Comment David Rohde a échappé aux talibans

Comment David Rohde a échappé aux talibans

Le journaliste du quotidien américain The New York Times a réussi à fausser compagnie à ses ravisseurs après sept mois, simplement en escaladant le mur d’enceinte de la maison où les talibans le détenaient. Il s’est échappé vendredi avec un confrère afghan, avant d’être recueilli par des éléments de l’armée régulière.

David Rohde est un journaliste de terrain de 41 ans. Il a été distingué à deux reprises par le prix Pulitzer. Le rapt est une expérience qu’il a déjà faite au moment où il a couvert le conflit bosniaque en 1996. Débauché par le quotidien américain de référence après avoir remporté le prix avec la couverture du massacre de Srebrenica, le reporter de presse a de nouveau été enlevé alors qu’il recueillait des informations destinées à un livre sur l’engagement des États-Unis en Afghanistan.

L’homme, a été fait prisonnier le 10 novembre 2008 avec un confrère local, Tahir Ludin, et leur conducteur, sur la route qui devait les conduire dans l’est du pays, où ils s’apprêtaient à entendre les confidences d’un chef taliban.
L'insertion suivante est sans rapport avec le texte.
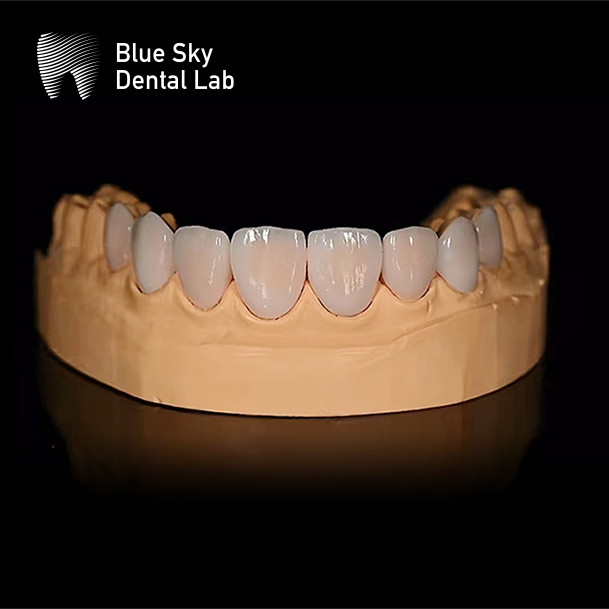 Ultra Thin Sleek Veneer Cases 0.3mm Thinnest Custom Veneers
Les agences de presse et son journal n’ont pas rendu compte du rapt, craignant que la publication de la nouvelle puisse mettre la vie des hommes en danger. David Rohde avait laissé à ses collègues à Kaboul des instructions au cas où il ne rentrerait pas de leur rendez-vous.

Ce réseau, réputé avoir le contrôle d’un grand nombre de bandes armées dans l’est de l’Afghanistan, est apparu ces dernières années en tant qu’adversaire majeur dans les efforts des Etats-Unis pour stabiliser la situation du pays et enlever aux insurgés le contrôle des régions tribales du Pakistan. Il est suspect d’être à l’origine d’un certain nombre d’attentats au cours des dernières années, comme celui à la bombe suicide sur l’ambassade de l’Inde à Kaboul, qui a tué plus de 50 personnes en juin 2008.
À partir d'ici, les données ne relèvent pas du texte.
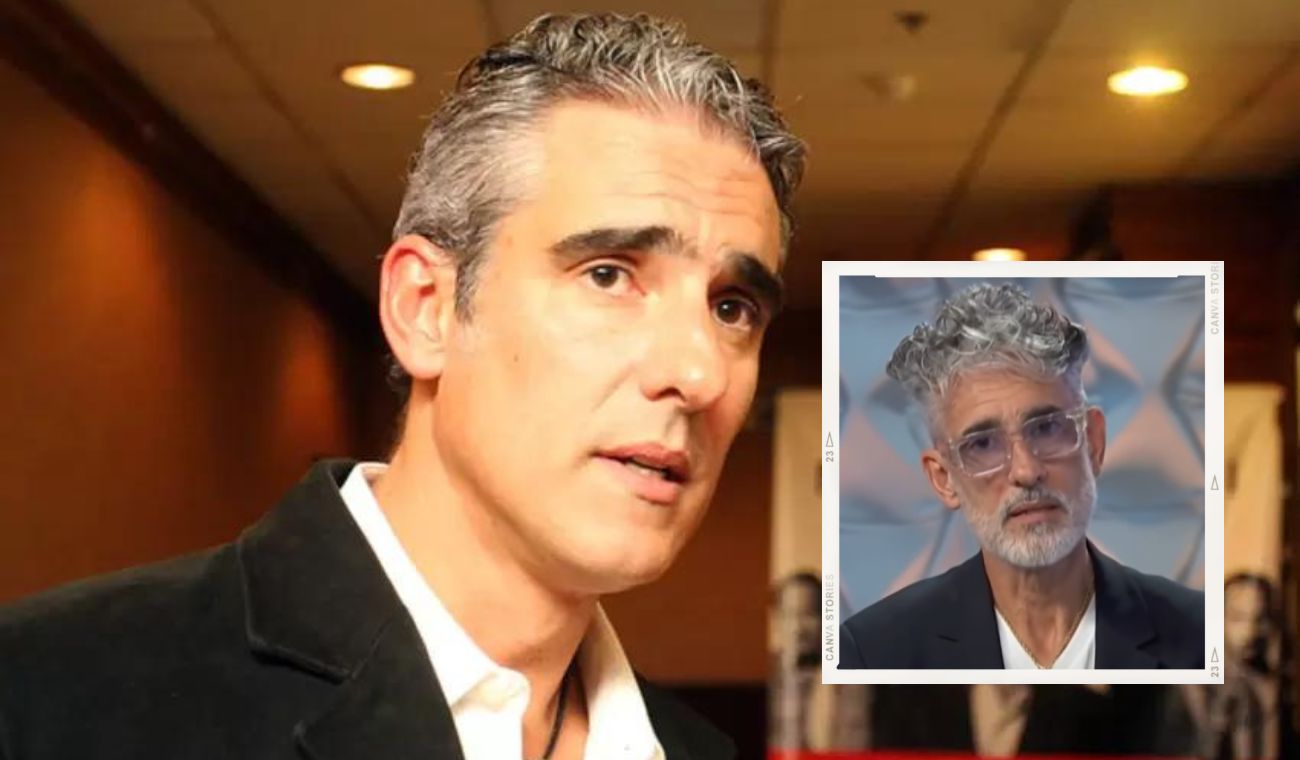 Miguel Varoni se hizo procedimiento para quitarse unos años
Tahir Ludin, le journaliste afghan, a travaillé avec plusieurs organes de presse occidentaux. Il avait négocié des entretiens à un haut niveau avec des commandants talibans pour des journalistes par le passé, et il a organisé la réunion avec Assadullah Mangal à la demande de David Rohde. Tahir Ludin, Assadullah Mangal et David Rohde ont été détenus dans la région du Waziristan du Nord jusqu’au moment de l’évasion des deux premiers. Le chauffeur a préféré demeurer avec les talibans.

Retenus prisonniers dans une propriété comme il en existe beaucoup dans ces régions rurales, ils se sont échappés en escaladant le mur d’enceinte. Ils ont ensuite été recueilli sur la route par un soldat de l’armée pakistanaise en éclaireur, qui les a conduits à la base militaire la plus proche. C’est de là que l’armée américaine les a pris en charge, pour les convoyer au camp de Bagram en Afghanistan, juste nord de Kaboul.

Les officiels américains et pakistanais ont reconnu l’existence d’une demande de rançon, à laquelle il n’a pas été fait droit. La somme demandée pour la libération de David Rohde s’est élevée à plusieurs millions de dollars, avec en prime, la libération de plusieurs chefs insurgés. Le rôle des États-Unis dans cette affaire demeure obscur, mais les diplomates américains à Islamabad et Kaboul ont forcément eu à connaître de l’enlèvement depuis plusieurs mois.

Bill Keller, le rédacteur en chef du journal auquel appartient David Rohde, The New York Times, a déclaré qu’aucune somme d’argent n’a été versée pour la libération des journalistes, pas plus que ne l’ont été les commandants talibans réclamés par les insurgés. "Les enlèvements, hélas, sont une activité florissante un peu partout dans le monde", a-t-il fait savoir. "L’expérience des autres victimes nous a enseigné que la négociation donne juste des raisons à d’autres pour commettre des enlèvements".